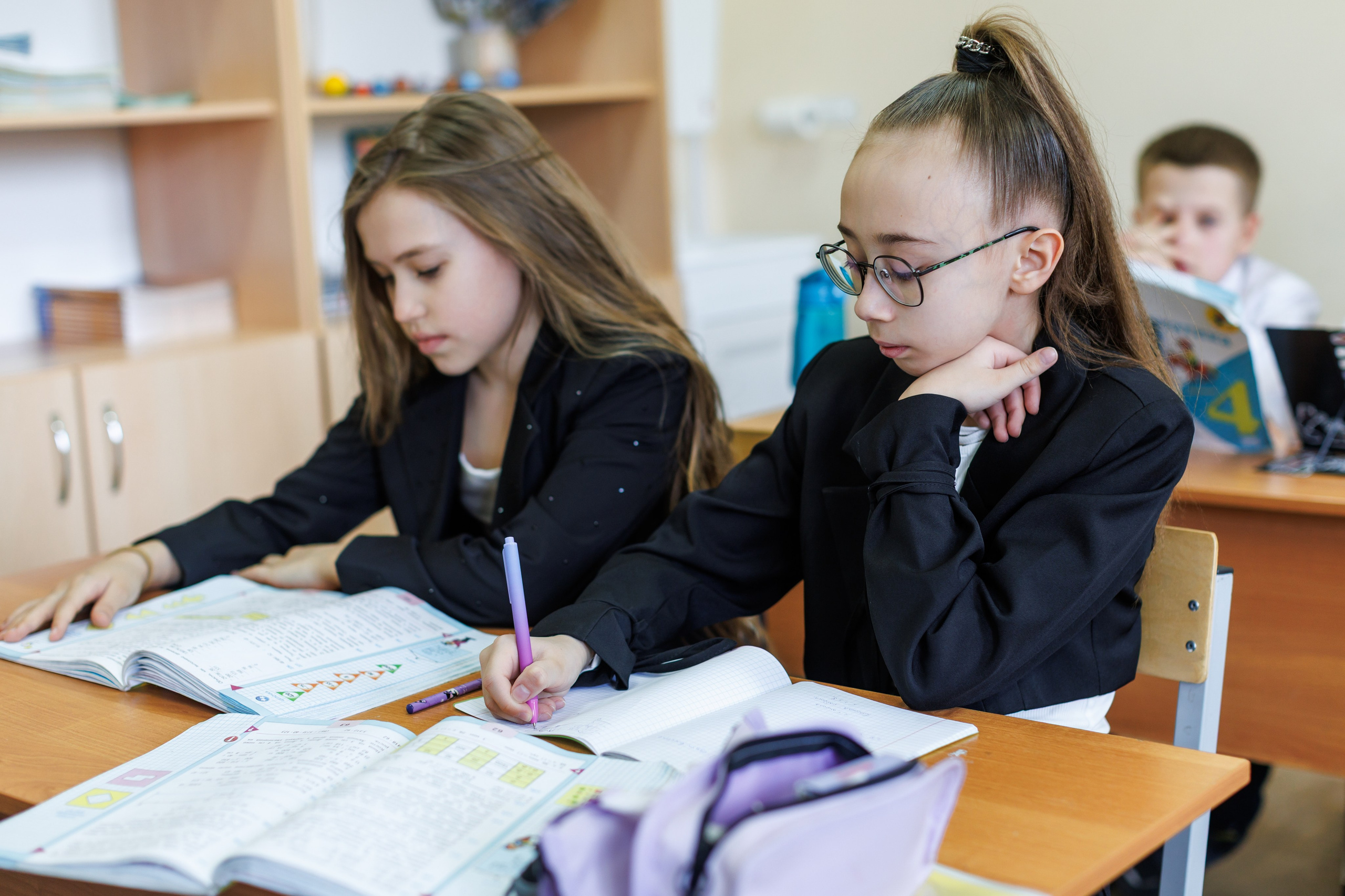 Скулбук. Детский и семейный фотограф Мария Киселёва. Москва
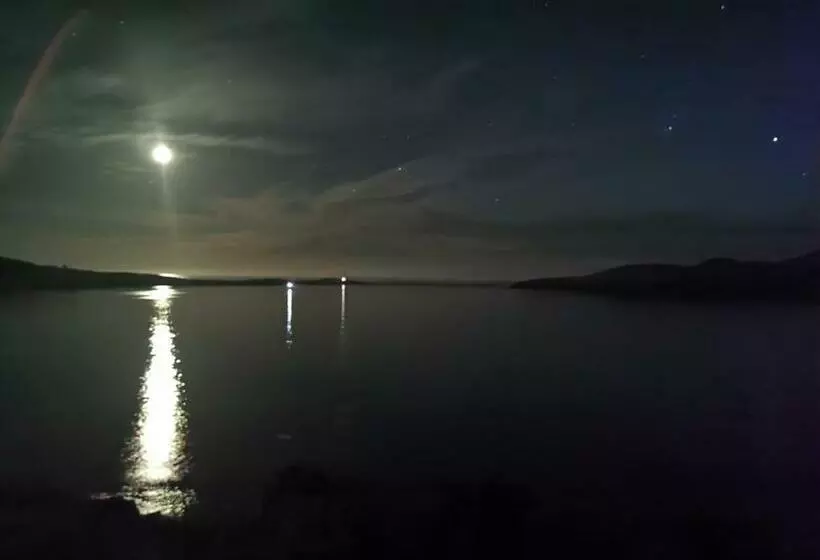 Horizon View Lodge Bed And Breakfast Glanleam Road Knightstown Valentia Island County Kerry V23 W447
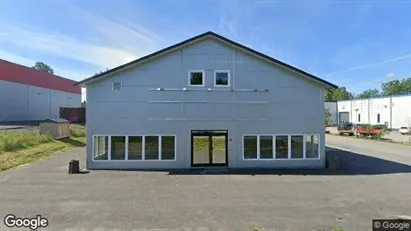 Industrial properties for rent in Rakkestad - Photo from Google Street View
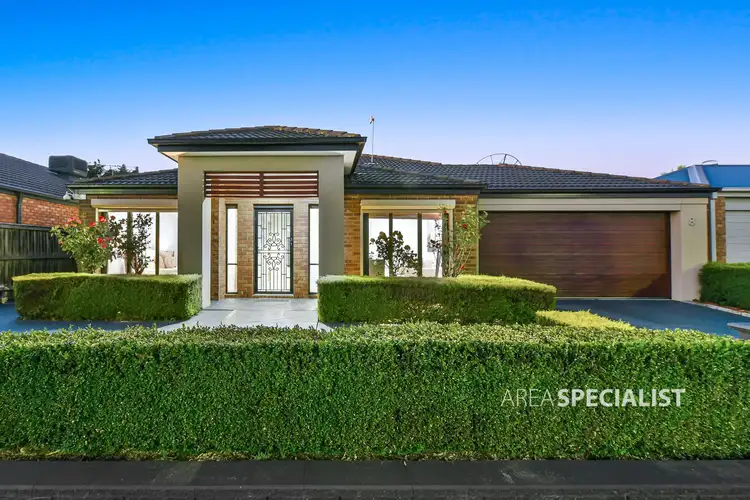 8 Tea Tree Court, Lyndhurst VIC 3975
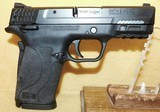 S&W M&P9 SHIELD EZ - 1 of 3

════════

> _Problem description_: Because the pictures are not wanted, retype every record exactly without them.

> _Output below_:
 Скулбук. Детский и семейный фотограф Мария Киселёва. Москва
 Horizon View Lodge Bed And Breakfast Glanleam Road Knightstown Valentia Island County Kerry V23 W447
 Industrial properties for rent in Rakkestad - Photo from Google Street View
 8 Tea Tree Court, Lyndhurst VIC 3975
 S&W M&P9 SHIELD EZ - 1 of 3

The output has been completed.